Problem: All that is needed is the lines from the one containing "Reihenhaus mit Terrasse" through the end of the listing, printed exactly, with no pictures among them.

*** Records for the task ***

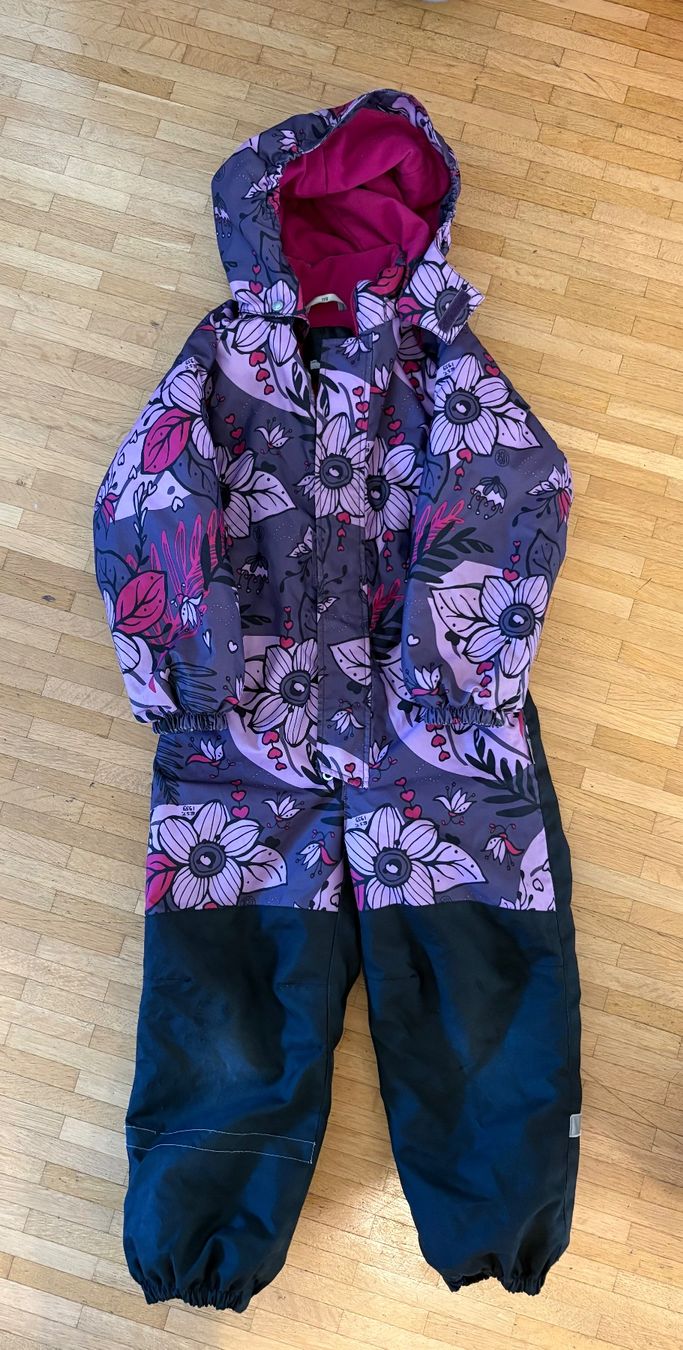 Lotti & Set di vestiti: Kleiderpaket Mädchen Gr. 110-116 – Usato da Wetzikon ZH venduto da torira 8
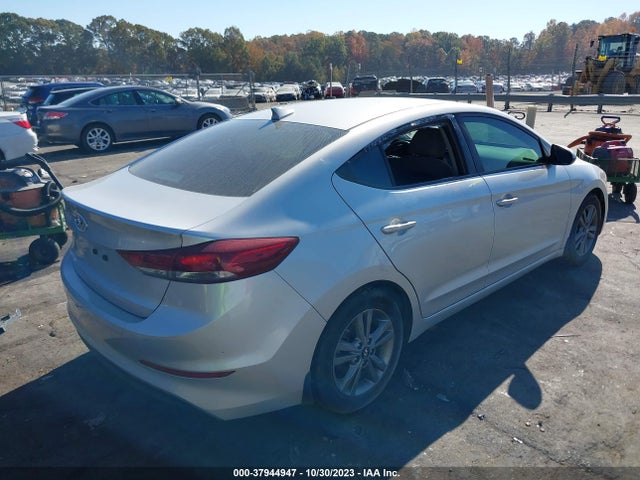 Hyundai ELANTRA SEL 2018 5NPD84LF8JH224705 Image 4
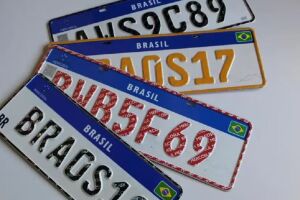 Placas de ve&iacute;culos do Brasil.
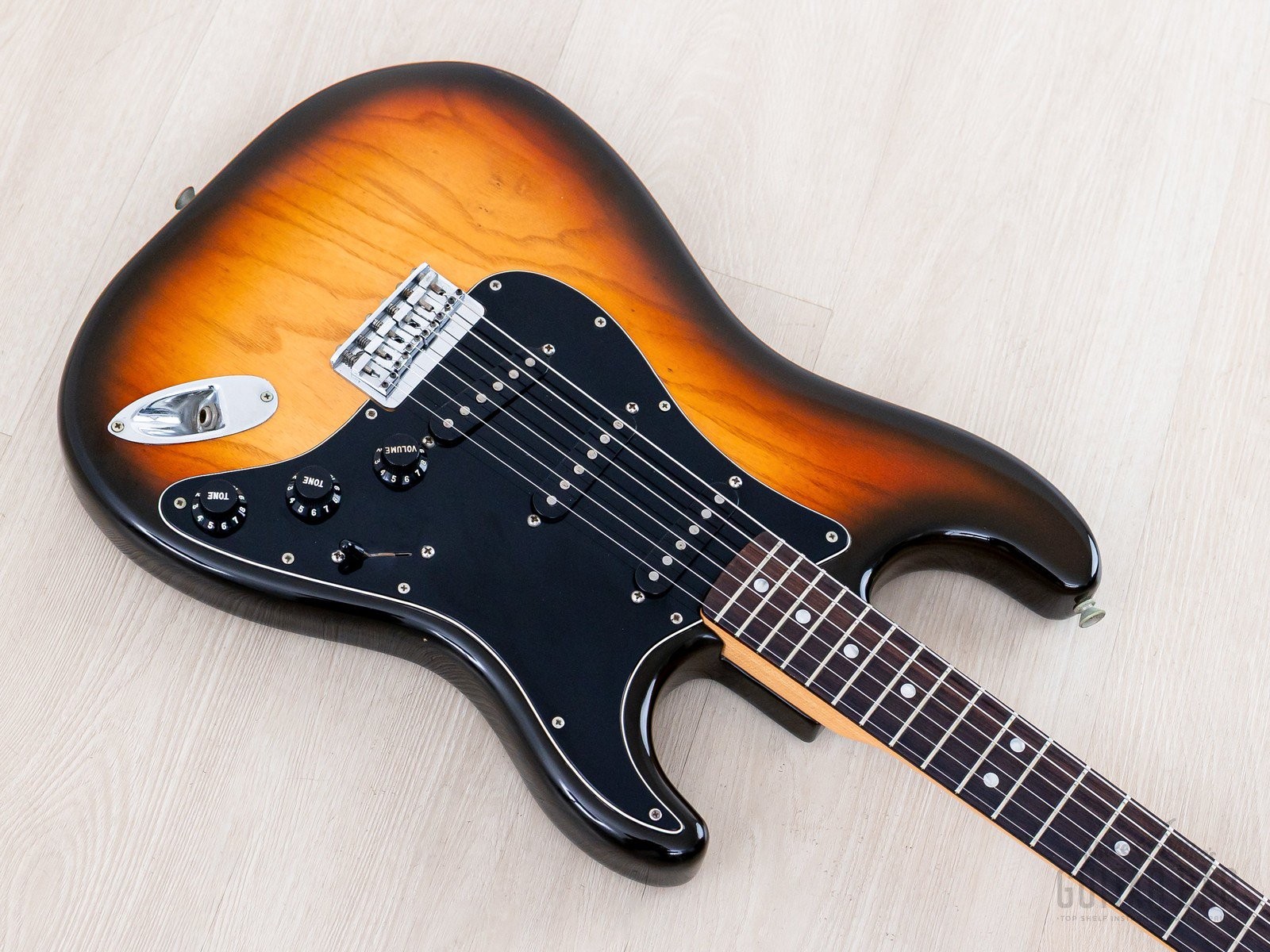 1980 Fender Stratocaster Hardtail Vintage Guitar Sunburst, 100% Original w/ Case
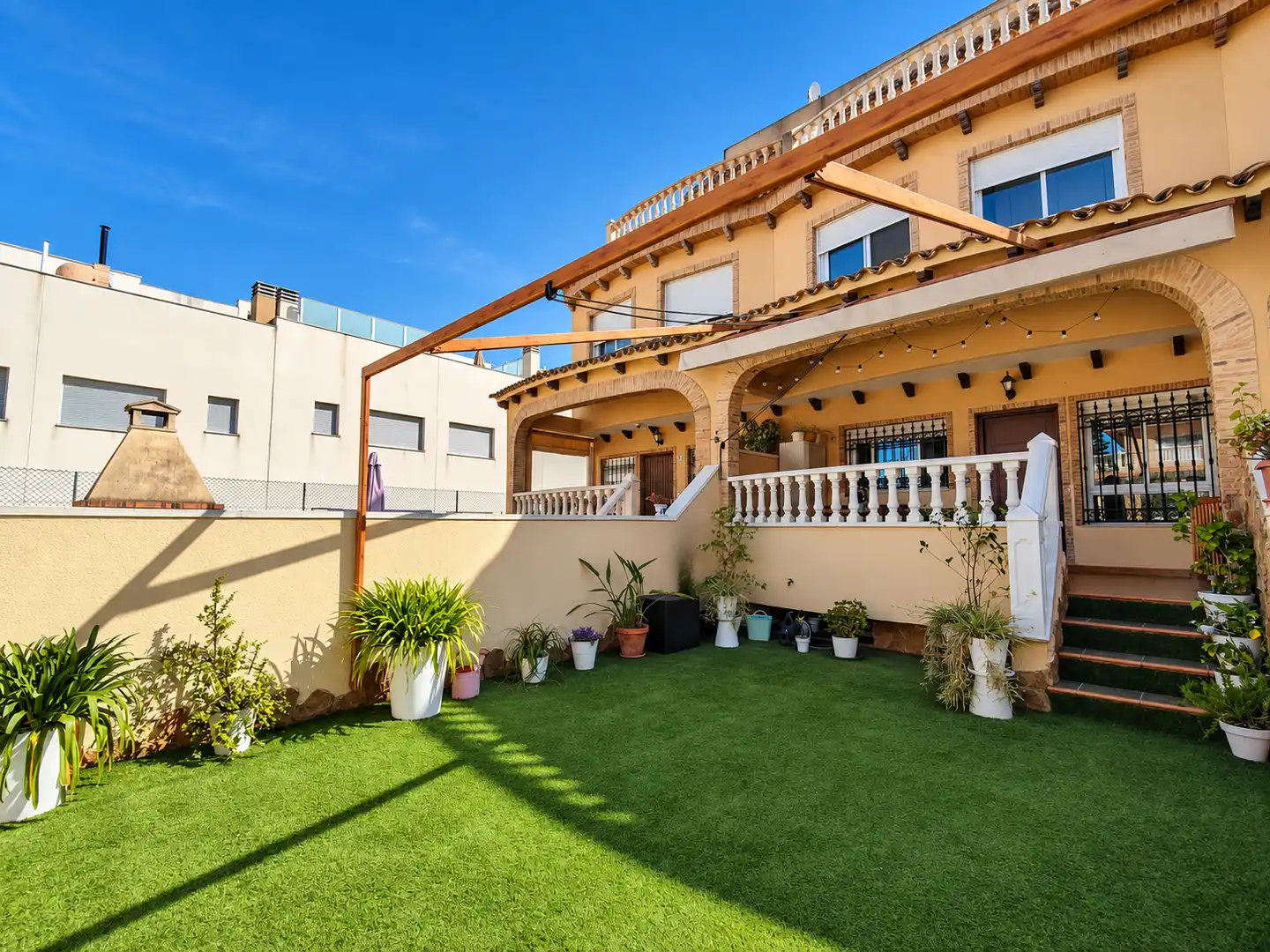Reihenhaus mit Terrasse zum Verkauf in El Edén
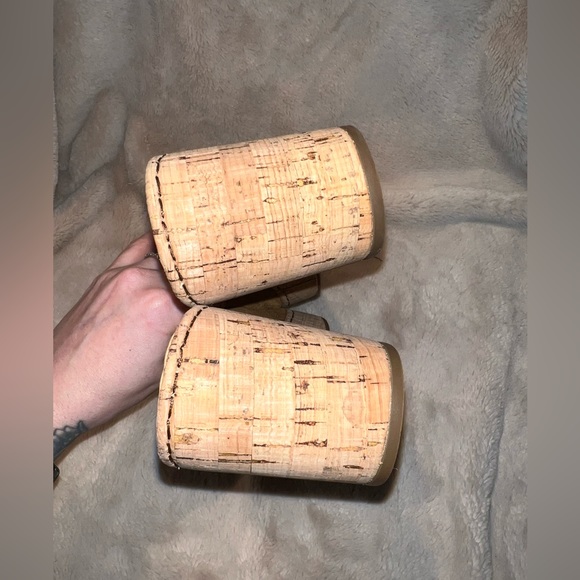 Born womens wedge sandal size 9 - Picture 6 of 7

*** End of Records for the task ***

Solution for this exercise:
Reihenhaus mit Terrasse zum Verkauf in El Edén
 Born womens wedge sandal size 9 - Picture 6 of 7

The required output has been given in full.